To facilitate efficient communication in our increasingly fast shrinking world, there is an insatiable need for translations to be both highly accurate and swift. Before the dawn of advanced tech tools that pay attention to the context of the word used, mistranslations have redirected the course of the world’s history causing easily avoidable blunders.
Examples of historical blunders caused by translation errors includes the famous Pole Position which occurred when the 39th President of the United States Jimmy Carter visited Poland in 1977. The translator hired by the United States was inexperienced in translating the Polish language to English. President Carter though his interpreter ended up making several embarrassing translation slip-ups. The most noteworthy blunder he made was when he uttered the words “your lusts for the future,” instead of “your desires for the future.” This moment is deemed one of America’s most embarrassing diplomatic moments in history.
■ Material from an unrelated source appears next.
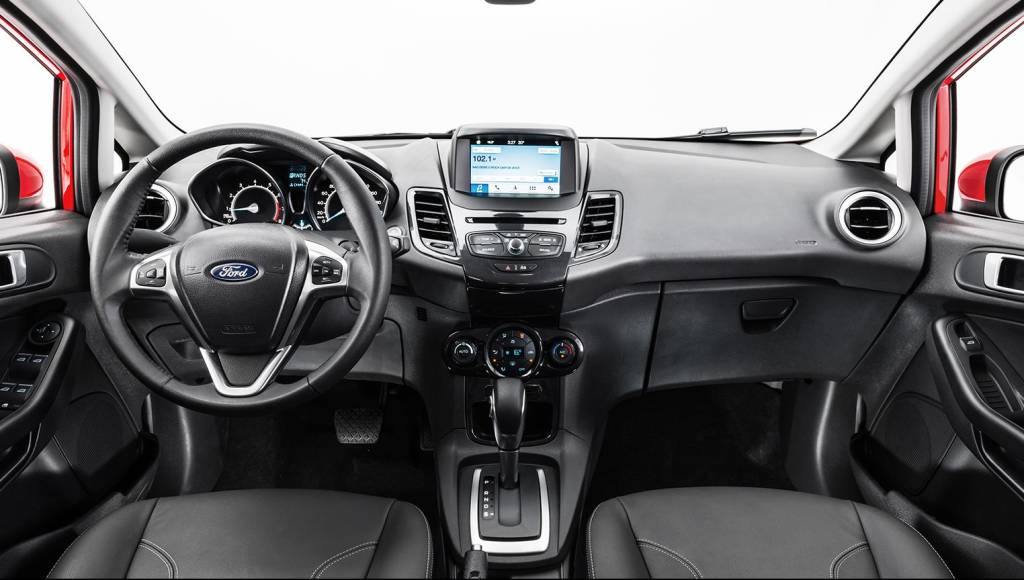 Fiesta Titanium Plus 3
Did you know that the historic Hiroshima and Nagasaki bombings is attributed to poor translation? In 1945 during the 2nd World War, the United States was starting to incur massive losses in lives and also financially. This forced them to issue the Potsdam Declaration, stating that Japan should surrender immediately or be totally annihilated.
The Japanese prime minister then issued a statement that loosely translated to ” Please give us several days to consider this and we’ll get back to you.” The only problem is that the prime minister used the term mokusatsu which has several different meanings. One meaning implies snubbing the other party with contempt. Sadly, this is the translation the United States used once they received the message, and after ten days the first atomic bomb was dropped on Hiroshima.
The list of global blunders caused by mistranslations cannot be exhausted, thus proving the influence of translation in our society, and how even the slightest mistake in translation can cause havoc. Proper translation is crucial and will remain so for both economies and individuals in the foreseeable future.